Maigret no pudo contenerse.

—Extraordinario, ¿verdad? ¡Este hombre pasó su infancia sin disponer de un céntimo para sus pequeños gastos! Usted conoce los colegios. El de Bourges cuenta entre sus alumnos a la mayoría de grandes señores de la provincia. ¡Gentes de apellido ilustre! De apellido tan antiguo y brillante como el suyo, con la sola diferencia de que él llevaba un nombre tan ridículo como el de Tiburcio.

»Tiene derecho a la pensión y a los estudios, pero no puede comprarse una barrita de chocolate, un pito o unos bolos.

»Durante el recreo se queda solo en un rincón. Tal vez los vigilantes del colegio, tan pobres casi como él, sintiesen piedad.
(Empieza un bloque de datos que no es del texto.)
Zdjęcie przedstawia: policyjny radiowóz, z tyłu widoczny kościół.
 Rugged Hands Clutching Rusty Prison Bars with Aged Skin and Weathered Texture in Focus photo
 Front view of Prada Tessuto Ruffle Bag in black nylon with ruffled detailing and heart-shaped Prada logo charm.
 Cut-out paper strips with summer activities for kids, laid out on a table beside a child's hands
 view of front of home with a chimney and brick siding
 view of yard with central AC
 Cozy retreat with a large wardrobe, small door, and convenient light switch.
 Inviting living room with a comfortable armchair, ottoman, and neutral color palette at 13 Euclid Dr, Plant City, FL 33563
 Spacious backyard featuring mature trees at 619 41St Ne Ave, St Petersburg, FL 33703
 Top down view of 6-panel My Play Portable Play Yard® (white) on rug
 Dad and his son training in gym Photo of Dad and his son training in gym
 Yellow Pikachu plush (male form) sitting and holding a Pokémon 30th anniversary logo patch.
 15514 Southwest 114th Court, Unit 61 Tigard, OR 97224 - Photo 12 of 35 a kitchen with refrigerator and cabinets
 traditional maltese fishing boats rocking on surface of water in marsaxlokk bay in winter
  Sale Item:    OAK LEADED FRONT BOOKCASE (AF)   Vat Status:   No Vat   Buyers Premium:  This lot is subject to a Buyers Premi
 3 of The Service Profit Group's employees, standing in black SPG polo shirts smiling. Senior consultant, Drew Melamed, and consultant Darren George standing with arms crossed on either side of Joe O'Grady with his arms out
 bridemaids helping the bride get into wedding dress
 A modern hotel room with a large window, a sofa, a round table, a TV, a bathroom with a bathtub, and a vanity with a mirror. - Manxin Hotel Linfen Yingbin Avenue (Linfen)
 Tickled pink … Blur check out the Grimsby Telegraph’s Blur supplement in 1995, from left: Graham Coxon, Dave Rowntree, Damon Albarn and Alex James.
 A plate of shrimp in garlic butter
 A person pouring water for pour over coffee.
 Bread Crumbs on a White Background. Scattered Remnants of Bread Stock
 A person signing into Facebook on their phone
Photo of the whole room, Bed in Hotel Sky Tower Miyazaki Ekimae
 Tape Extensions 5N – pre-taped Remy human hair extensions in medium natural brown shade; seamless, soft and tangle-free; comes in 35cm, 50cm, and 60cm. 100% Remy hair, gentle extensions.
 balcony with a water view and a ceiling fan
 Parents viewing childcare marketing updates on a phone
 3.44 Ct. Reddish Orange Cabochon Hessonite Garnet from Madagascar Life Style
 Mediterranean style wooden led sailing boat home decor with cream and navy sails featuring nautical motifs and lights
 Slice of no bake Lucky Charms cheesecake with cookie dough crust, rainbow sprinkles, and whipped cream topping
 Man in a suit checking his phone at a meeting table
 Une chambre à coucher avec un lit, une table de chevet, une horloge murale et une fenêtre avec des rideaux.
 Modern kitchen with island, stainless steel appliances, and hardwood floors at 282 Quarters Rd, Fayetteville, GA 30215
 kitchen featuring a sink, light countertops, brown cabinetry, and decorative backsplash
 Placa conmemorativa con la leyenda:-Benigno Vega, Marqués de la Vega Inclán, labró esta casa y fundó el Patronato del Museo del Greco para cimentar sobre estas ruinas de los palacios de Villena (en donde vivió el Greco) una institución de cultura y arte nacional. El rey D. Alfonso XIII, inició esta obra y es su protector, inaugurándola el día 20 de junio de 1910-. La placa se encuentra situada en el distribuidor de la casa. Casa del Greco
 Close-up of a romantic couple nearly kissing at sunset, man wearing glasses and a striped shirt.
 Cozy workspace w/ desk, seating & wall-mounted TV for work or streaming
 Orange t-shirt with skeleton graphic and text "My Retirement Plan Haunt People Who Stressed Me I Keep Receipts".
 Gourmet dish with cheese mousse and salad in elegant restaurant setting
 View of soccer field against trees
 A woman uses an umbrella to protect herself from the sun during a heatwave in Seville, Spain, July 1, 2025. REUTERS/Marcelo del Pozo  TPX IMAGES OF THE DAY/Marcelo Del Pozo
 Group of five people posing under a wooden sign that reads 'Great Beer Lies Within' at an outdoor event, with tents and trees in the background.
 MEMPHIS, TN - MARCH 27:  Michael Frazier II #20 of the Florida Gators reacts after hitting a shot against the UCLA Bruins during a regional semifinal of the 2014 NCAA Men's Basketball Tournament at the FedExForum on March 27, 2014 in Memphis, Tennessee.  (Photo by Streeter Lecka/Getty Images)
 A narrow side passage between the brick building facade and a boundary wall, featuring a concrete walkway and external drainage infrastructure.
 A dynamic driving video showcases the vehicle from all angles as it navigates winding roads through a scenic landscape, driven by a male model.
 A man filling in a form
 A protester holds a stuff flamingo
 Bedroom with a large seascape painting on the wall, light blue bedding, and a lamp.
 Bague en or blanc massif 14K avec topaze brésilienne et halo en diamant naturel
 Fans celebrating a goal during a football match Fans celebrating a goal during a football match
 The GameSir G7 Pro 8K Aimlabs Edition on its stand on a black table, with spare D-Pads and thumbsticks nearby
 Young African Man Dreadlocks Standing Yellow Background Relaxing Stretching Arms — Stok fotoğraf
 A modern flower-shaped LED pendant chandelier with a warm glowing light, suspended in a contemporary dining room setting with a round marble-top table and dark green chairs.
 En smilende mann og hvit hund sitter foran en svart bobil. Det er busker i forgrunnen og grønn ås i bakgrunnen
»¡Sale del colegio! Vende libros en casa de un librero. Arrastra sin esperanza su nombre interminable, su chaqueta y su enfermedad de hígado.

»¡No tiene dinero que depositar en la Caja de Ahorros! Pero tiene el apellido, y, un buen día, alguien le ofrece comprárselo.

»¡Sigue en la miseria a pesar de todo! Pero con el apellido Gallet alcanza una posición más clara en la sociedad; entra en la clase media. Tiene lo suficiente para comer.

»El único inconveniente es que su nueva familia lo trata como a un perro sarnoso.

»Tiene mujer e hijo. Ambos le reprochan su incapacidad para labrarse un porvenir, su falta de iniciativa para ganar dinero o para llegar a ser consejero general como su cuñado.

»El nombre que vendió por treinta mil francos vale de repente más de un millón. ¡La única cosa que poseía! ¡Precisamente la que le había reportado más miserias y humillaciones! ¡Aquella de la que se desprendió en cuanto pudo!

»Y el que había sido Emilio Gallet, un bromista alegre y despreocupado, le da limosna de vez en cuando.

»¡Extraordinario, tal como usted dijo! ¡Nunca le salió nada bien! ¡Se pasó la vida envenenándose la sangre! Nadie, en ningún momento, le tendió la mano.

»Su hijo no quiso conformarse y se fue de su casa tan pronto como pudo para volar con sus propias alas, dejando al viejo en su mediocridad.

»¡Tan sólo su mujer supo resignarse! ¡No digo que le ayudase! ¡Ni tan sólo digo que le consolara!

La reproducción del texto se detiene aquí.